With the material below, print exactly the lines between the line holding "レオパレスめいの駐車場|駐車場があるので、車を買う予定の方も安心です" and the line holding "Used Geely Galaxy", inclusive. Add nothing else.
[Exercise material]
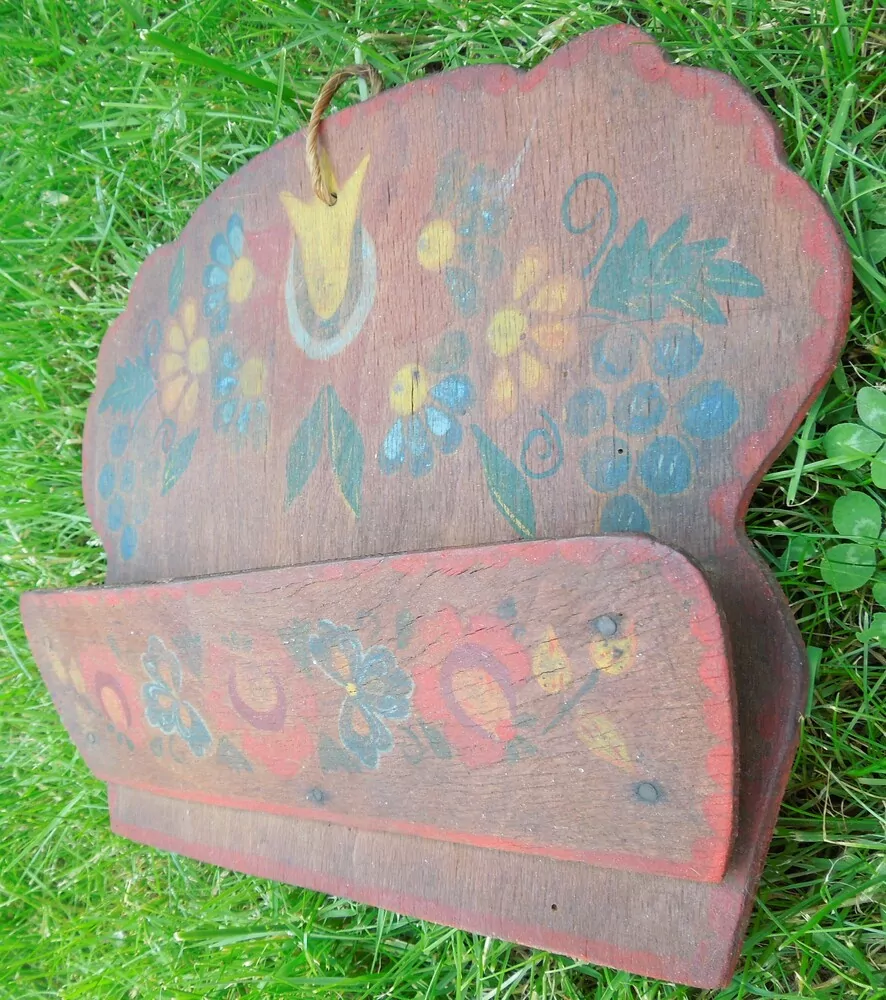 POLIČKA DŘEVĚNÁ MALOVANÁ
[/Exercise material]
[Exercise material]
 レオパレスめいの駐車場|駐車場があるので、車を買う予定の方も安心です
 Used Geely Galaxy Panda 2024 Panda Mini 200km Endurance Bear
[/Exercise material]
▶ [Result of the task]:
 レオパレスめいの駐車場|駐車場があるので、車を買う予定の方も安心です
 Used Geely Galaxy Panda 2024 Panda Mini 200km Endurance Bear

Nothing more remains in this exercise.